Data section:

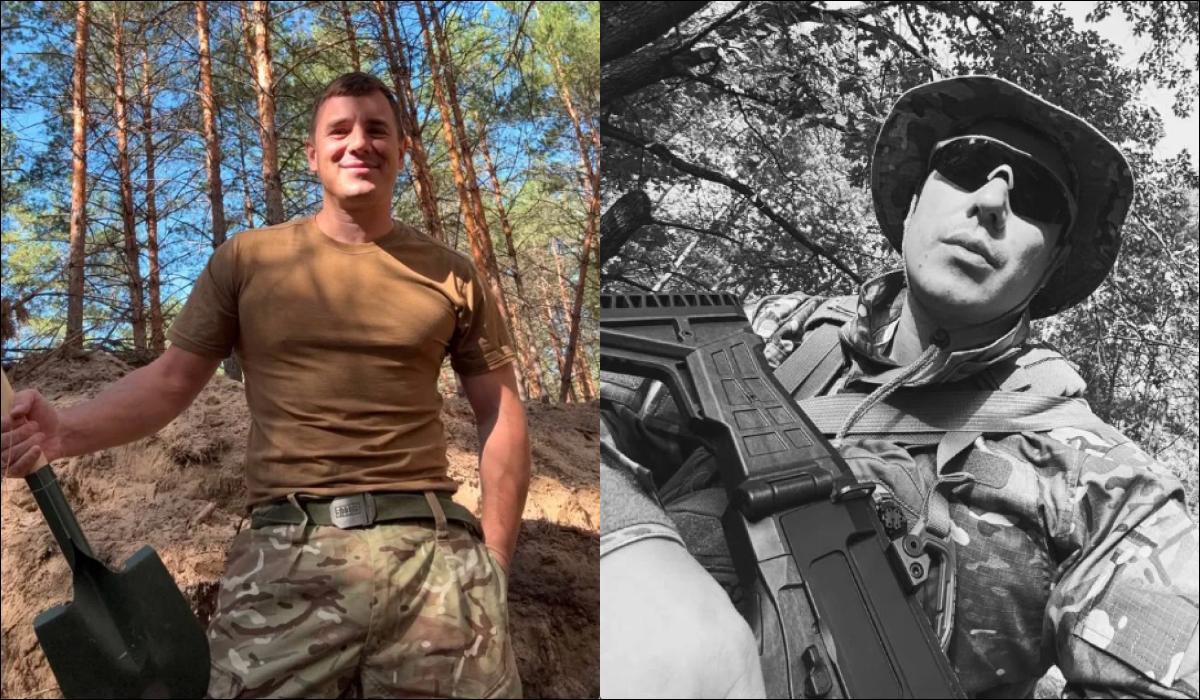 У окопі зі зброєю: зірка 'Фабрики зірок' спровокував чутки про свою мобілізацію (фото) У окопі зі зброєю: зірка 'Фабрики зірок' спровокував чутки про свою мобілізацію (фото)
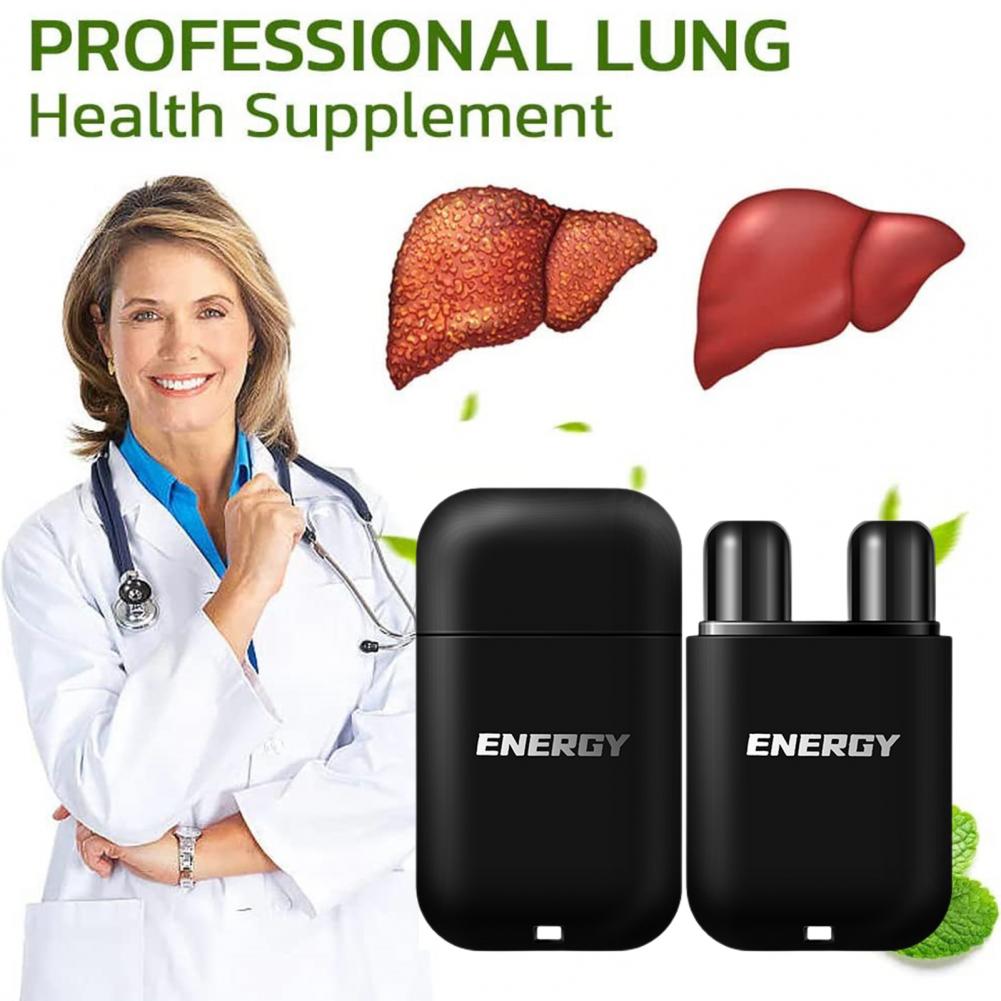 Pałeczka do budzenia z podwójnymi otworami, łatwa w użyciu, zapachowa, ze sznurkiem, przeciw senności, zapobiegająca senności, odświeżająca, chłodząca pałeczka do codziennego stosowania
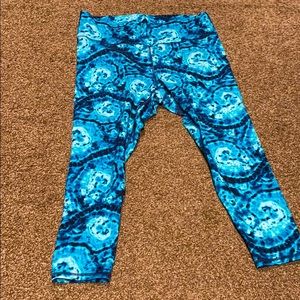 Fabletics High Wasted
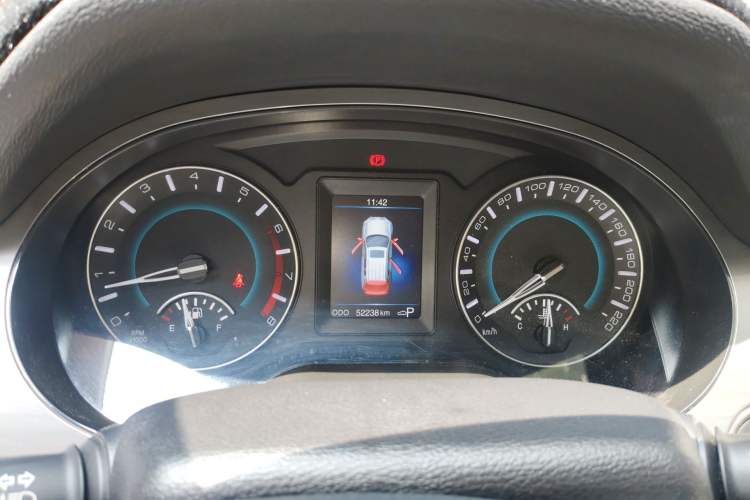 Used Haval H2 2015 1.5T Automatic Two-Wheel Drive Elite Edition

The task: Please print all the lines above exactly as given and leave out every picture.

Answer to this problem:
 У окопі зі зброєю: зірка 'Фабрики зірок' спровокував чутки про свою мобілізацію (фото) У окопі зі зброєю: зірка 'Фабрики зірок' спровокував чутки про свою мобілізацію (фото)
 Pałeczka do budzenia z podwójnymi otworami, łatwa w użyciu, zapachowa, ze sznurkiem, przeciw senności, zapobiegająca senności, odświeżająca, chłodząca pałeczka do codziennego stosowania
 Fabletics High Wasted
 Used Haval H2 2015 1.5T Automatic Two-Wheel Drive Elite Edition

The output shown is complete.